Most bleeder resistors are wire wound. The inductance is not important in this application within reason. For your application, wire wound would be an excellent choice. Metal oxide types are also a favorite resistor classification of mine. Not too inductive and reasonably quiet. They have good surge properties, but wire wound are the best for that.

Finally, hermanv is dead right. Resistor type of presence would have nothing to do with any noise you may have there. You are chasing teh wrong path for this problem.

-Chris
 
anatech said:
Hi Daniel,
Andrew is right about this. Also, carbon composition types have very low inductance and are used in RF work. Carbon film resistors are not as noisy, but may have some small amount of inductance. Metal film types can be very inductive, or not. This depends on the manufacturer and the value.

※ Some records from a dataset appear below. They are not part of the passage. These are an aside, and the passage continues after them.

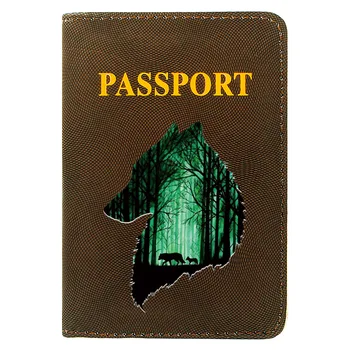 Võlu Mood Metsa Hunt Disain Trükkimine Naised Mehed Passi Kaane Pu Nahk Reisi-ID Credit Card Hoidja Tasku Rahakoti Kotid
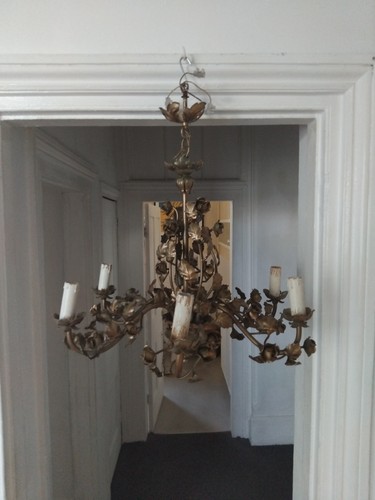 Vintage floral tole metal - tole,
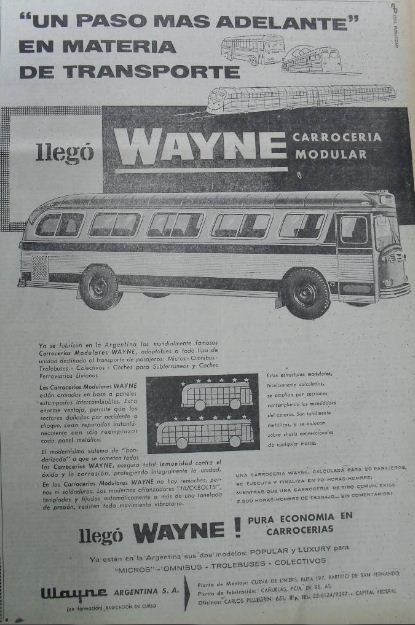 Carrocería modular Wayne (en Argentina)
Aviso publicitario de carrocerías Wayne para larga distancia
Colección J Arcuri - A A Deluca
Palabras clave: Gamba / Wayne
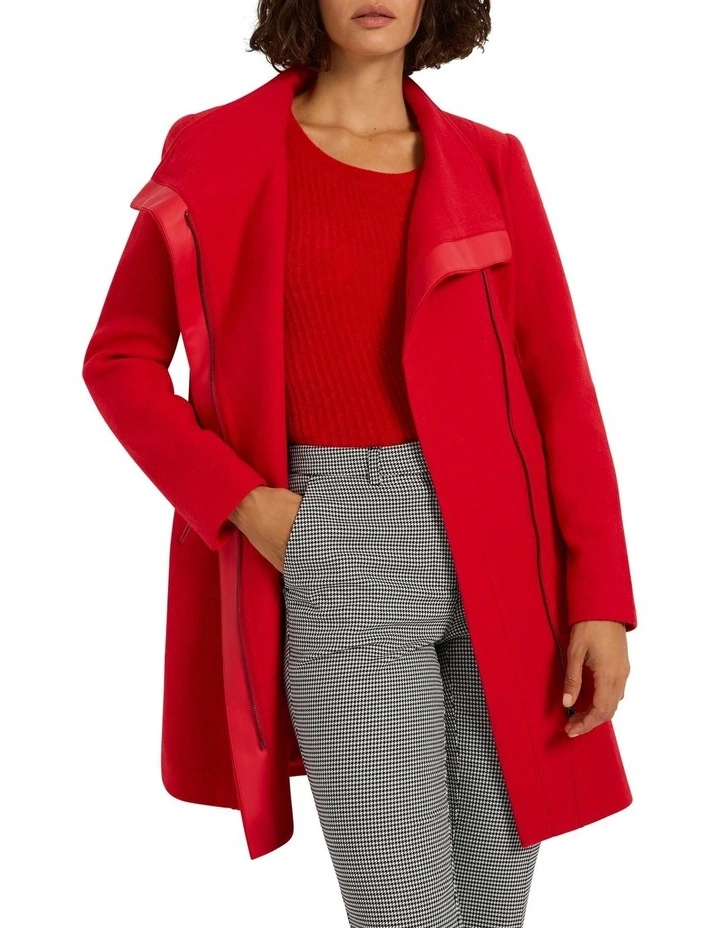 Sophie Felted Wool Coat in Bad Blood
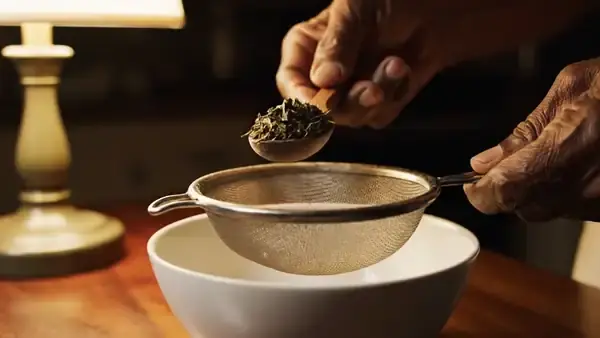 Hands tipping coarse dried leaves into a fine sieve over a white bowl, a fine powder falling through and settling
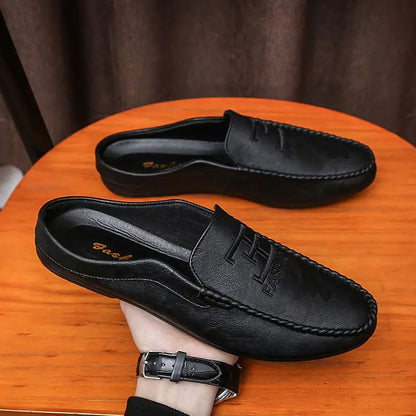 Men's Half-Wrapped Slip-On Closed Toe Leather Loafers
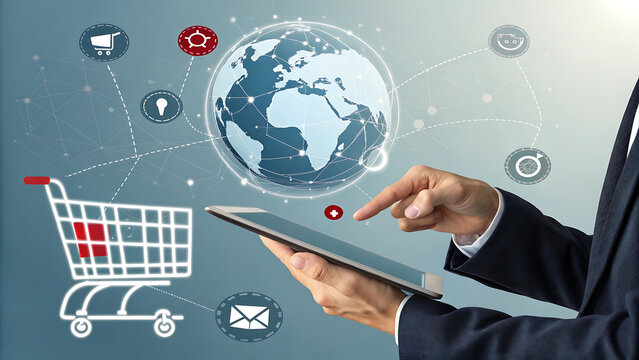 Businessman shopping online with a tablet and global network connection for e-commerce
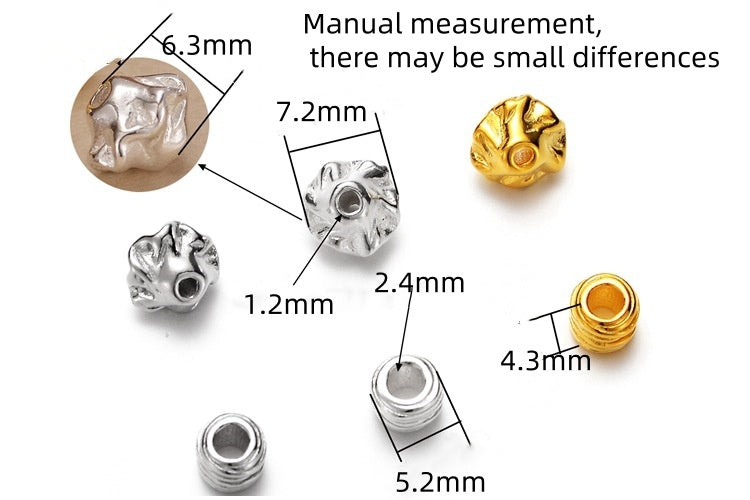 [S925] Woven Ball/ Garland Spacer Beads Handmade Bracelet Necklace Beaded Jewelry Accessories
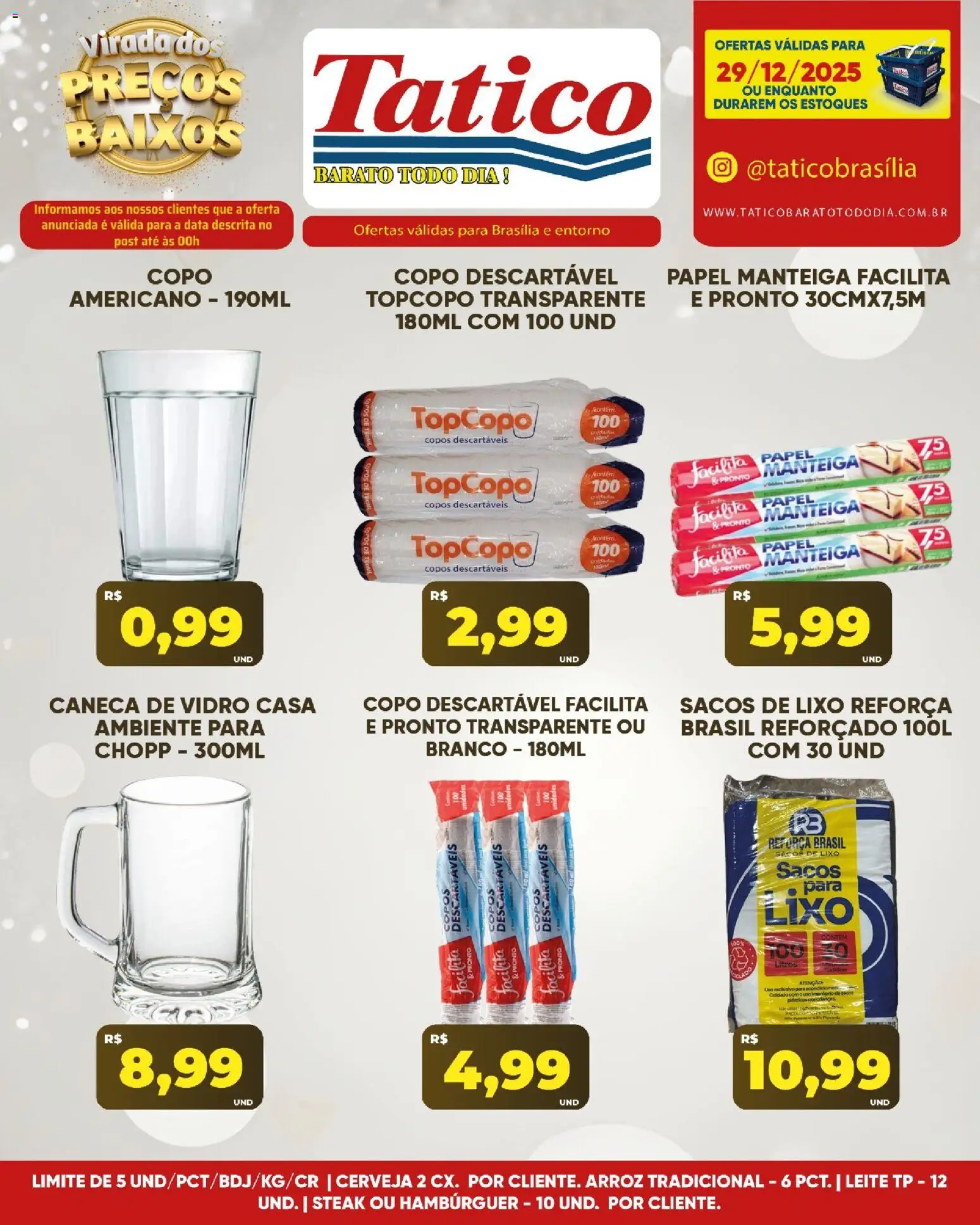 Tatico Folheto - válido de 29.12.2025 | Página: 15 | Produtos: Leite, Caneca, Copos descartáveis, Hambúrguer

Most bleeder resistors are wire wound. The inductance is not important in this application within reason. For your application, wire wound would be an excellent choice. Metal oxide types are also a favorite resistor classification of mine. Not too inductive and reasonably quiet. They have good surge properties, but wire wound are the best for that.

Finally, hermanv is dead right. Resistor type of presence would have nothing to do with any noise you may have there. You are chasing teh wrong path for this problem.

-Chris

Hi Chris! Thanks! Um, I seem to lack for a baseline.

I need a starting place.

Howabout using some of the supplies that I have on hand?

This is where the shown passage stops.